В своем объявлении Красноярску енисейский временный генерал- губернатор заявил, что при подавлении «смуты» и наведении «порядка» будет опираться на армию: «всякий произвол, против кого бы он ни был направлен, будет немедленно прекращаться военной силой»[93]. Для разоружения населения в мае 1906 г. им было издано постановление, § 11 которого делегировал губернатору и полиции право изымать нелегальное оружие (боевое и охотничье). Предусматривался денежный штраф или арест за неуплату такового. С этого времени в «Енисейских губернских ведомостях» массово печатались сообщения об изъятиях, штрафах и арестах. Начальник ЕГЖУ был подчинён генерал-губернатору и «оказывал содействие в порядке охраны»[94].

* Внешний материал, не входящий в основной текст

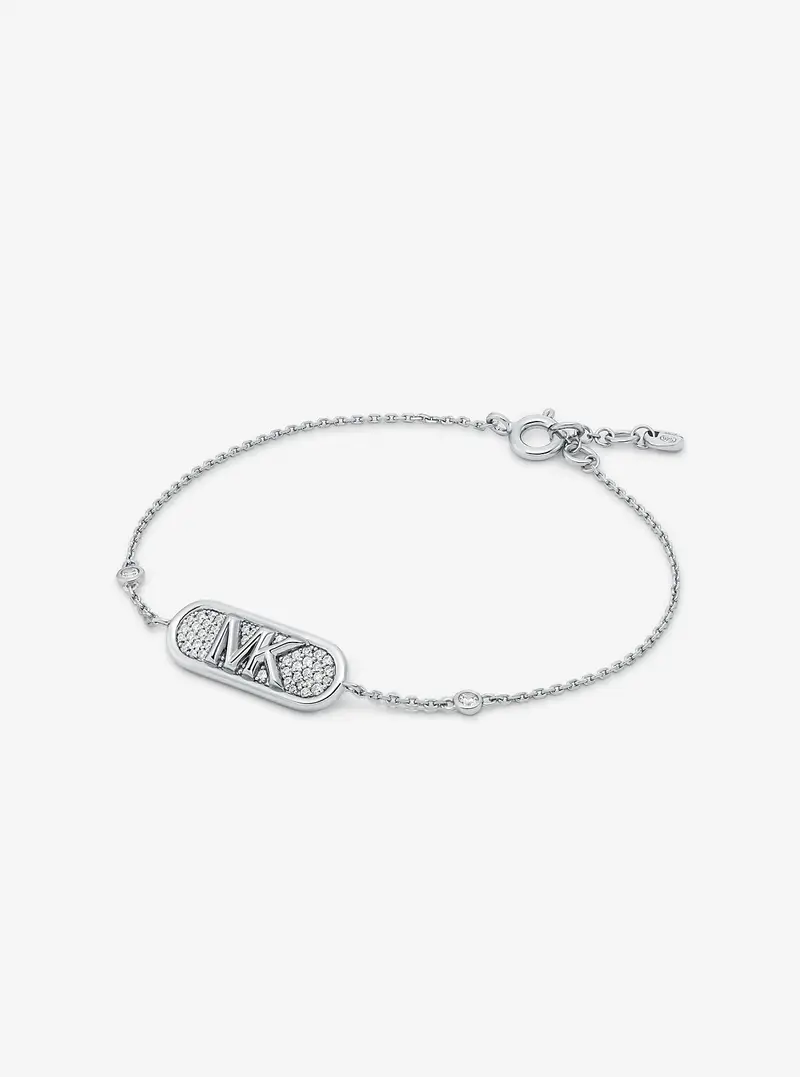 MK Bracciale in argento sterling placcato in metallo prezioso con pavé e logo Empire - Argento - Michael Kors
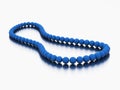 3D illustration blue pearl necklace beads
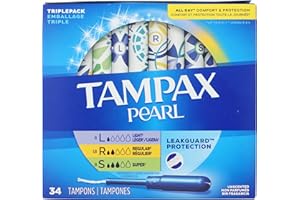 TAMPAX Pearl Tampons, Leicht/Normal/Super saugfähig, mit LeckGuard-Geflecht, 3er-Pack, ohne Duft, 34 Stück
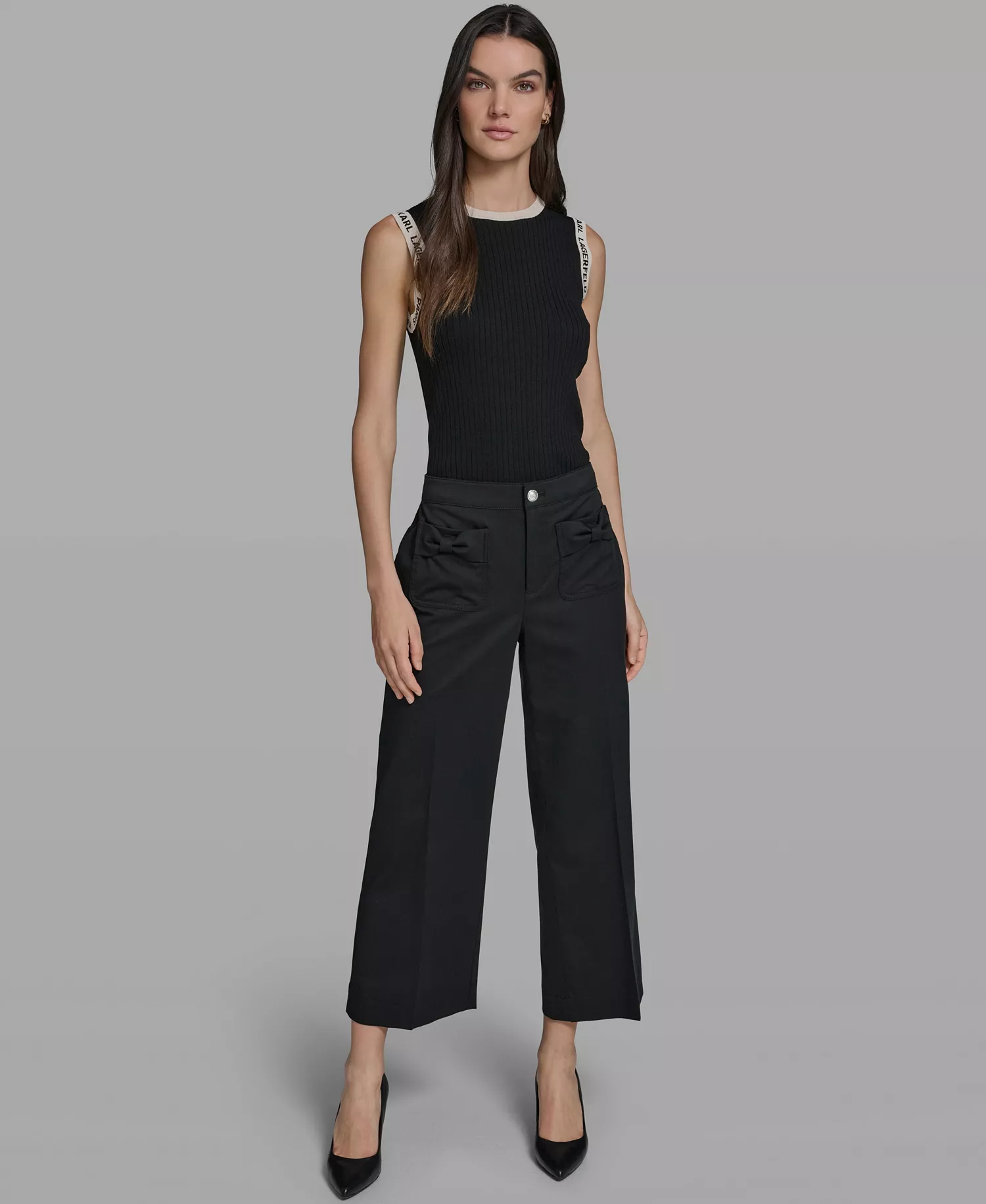 Women's Mid-Rise Straight Bow Pocket Pants - Black - 0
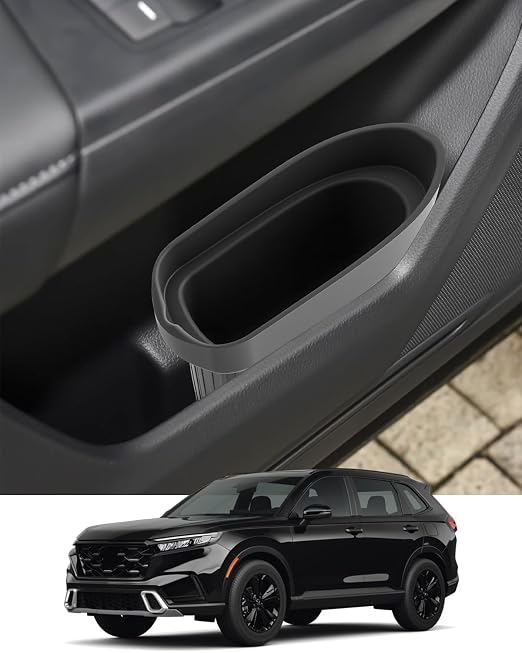 Silicone Car Trash Bin for Door 2026 CRV Car Door Trashcan Trash Holder for 2026 CRV Hybrid Accessories (LX/EX/EX-L/Sport Hybrid/TrailSport Hybrid/Sport-L Hybrid) Driver Passenger Door Pocket Flexible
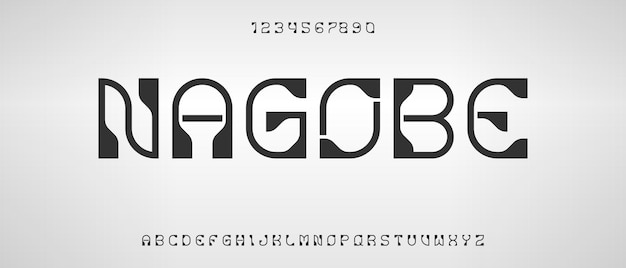 Carattere alfabeto moderno astratto con modello di stile urbano
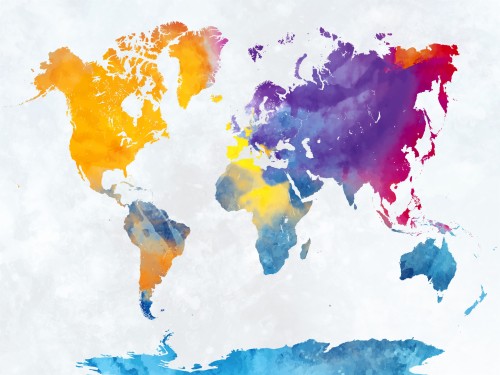 地図デスクトップ壁紙 水彩絵の具 世界 図 アート Wallpaperkiss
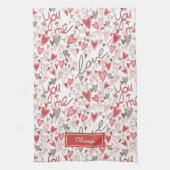 Cute Hearts Boho Valentijnsdag Patroon Theedoek (Verticaal)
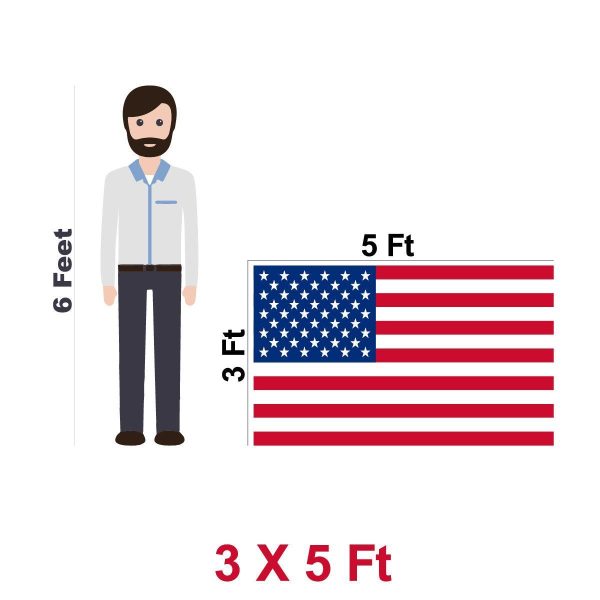 MULTI PACK: American Flag 210D Embroidered Polyester 3x5 Ft  - 100 PACK - Image 6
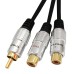 Short RCA Male Plug to 2 RCA Female Jack Stereo adapter cable Short RCA Male Plug to 2 RCA Female Jack Stereo adapter cable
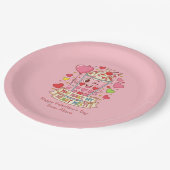 Personalized Cute Milkshake Classroom Valentine Pappteller (Schrägansicht)
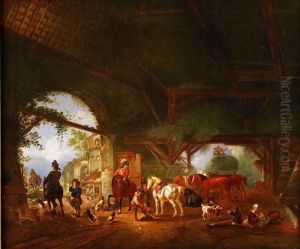 Interior by Pieter Wouwermans or Wouwerman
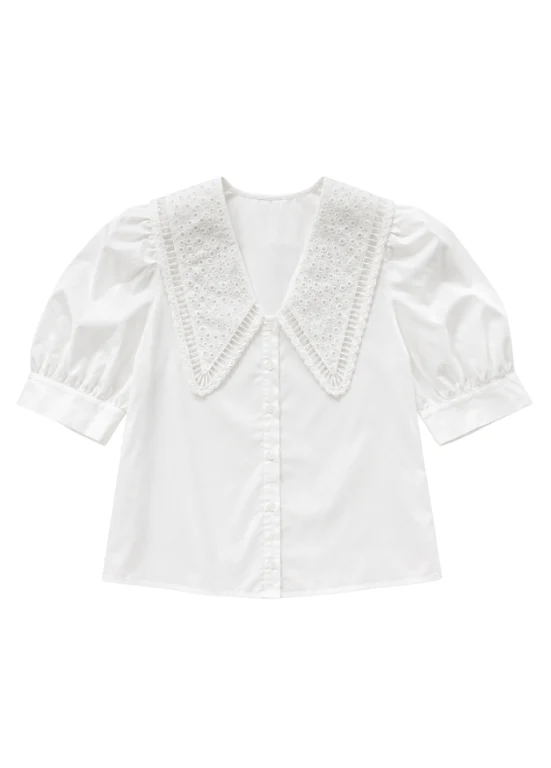 CAMISA BRANCA COM GOLA EM BORDADO INGLÊS E MANGA BALÃO - ALIBY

В сер. 1906 г. в связи с аграрным и революционным движениями на положении «усиленной охраны» был объявлен Минусинский уезд (Приложение 3)[95]. Главным критерием, по которому исполнительная власть судила о силе революционного движения в сельской местности, служили фискальные недоимки с крестьян. По данным местного исправника, до февр. 1907 г. в этом районе вообще не платились подати в казну[96]. Сдали недоимки и налоги за 1906 г. к янв. 1907 г. практически только инородные управы[97] Ачинского и Минусинского уездов и периферийные волости. Губернатор видел причину этой ситуации в «недостаточной решительности и настойчивости» полиции и
фискалов. В своем приказе (за 16 янв. 1907 г.) А. Н. Гирс выговаривал крестьянским начальникам и уездным исправникам Енисейского и Минусинского уездов. Он заявил: «Я приведу упорных [не]плательщиков к повиновению закону и для этого не остановлюсь перед самыми суровыми мерами, этого от меня требует долг службы и ответственность перед Царем и Отечеством»[98]. С 1 февр. 1906 г. МВД разрешило «зачинщиков аграрных беспорядков», выданных сельскими обществами высылать за счет казны на основании ст. 34 «Положения.» 1881 г. В 1909 г. из-за широкого использования общинами высылки вышло распоряжение ДП МВД, уточнявшее категории правонарушений, кравшихся высылкой[99].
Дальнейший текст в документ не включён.